Pagi datang, cahaya mentari terasa menyinari safana ini, kembali lagi ucapan syukur dan takbir terucap lewat lidah. Pelan, tapi penuh penghayatan. Berbeda dari hari raya sebelumnya yang seolah tampak biasa-biasa saja tanpa memberi kesan menarik tersendiri.

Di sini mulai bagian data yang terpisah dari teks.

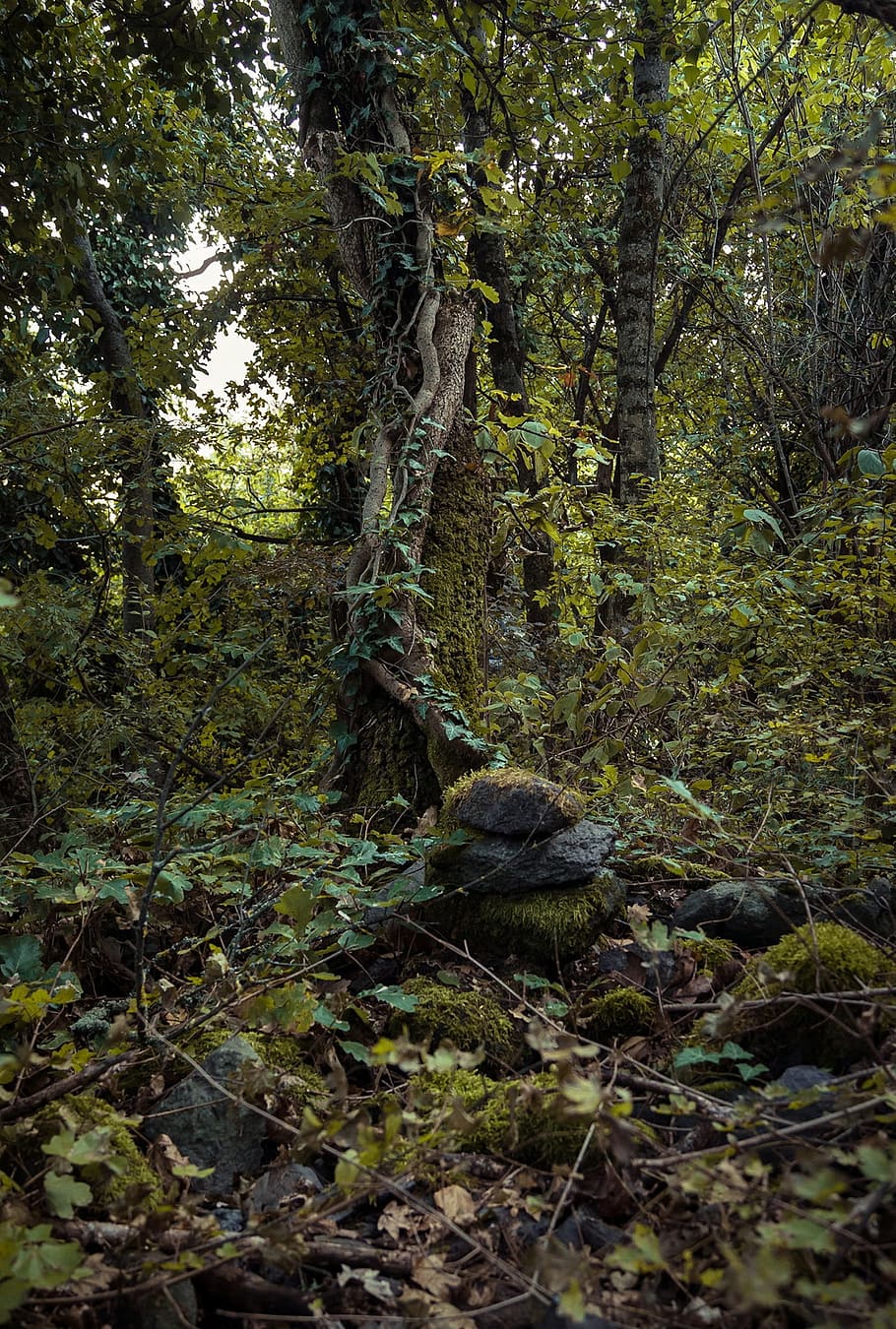 暗い 秋 森 黄色 緑 不気味な 木 葉 屋外 風景 Pxfuel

Jam menunjukkan 05.30 WIB, shalat Iedul Adha kulakukan walau tidak berjamaah,-----















Kulantunkan takbir…
Dalam suka cita yang membaharu
Di bawah langit-Mu aku bersimpuh
Memanjatkan asa yang terpendam

__
Jalan-jalan terjal kulalui
Menyisakan langkah-langkah rapuh
Dalam lelah pendakian
Nun jauh di sana…
Secercah sinar harapan mengobati dahaga kering tenggorokan
Basahnya peluh yang terurai
Terganti bahagia menghilangkan kesal
Para pendaki yang mencari kesenangan
(Malachi)

Kabut pagi datang, tebal berwarna putih menyisir safana yang terbentang. Suara gemuruh di langit mengirim rintik hujan yang mulai turun membasahi tanah lapang. Kami bergegas, menuju puncak, puncak yang di tuju untuk mengabadikan kenangan, yaitu puncak Cemoro Kandang. Dan di sanalah perjuangan berakhir, menjawab semua keinginan yang selama ini kuidamkan.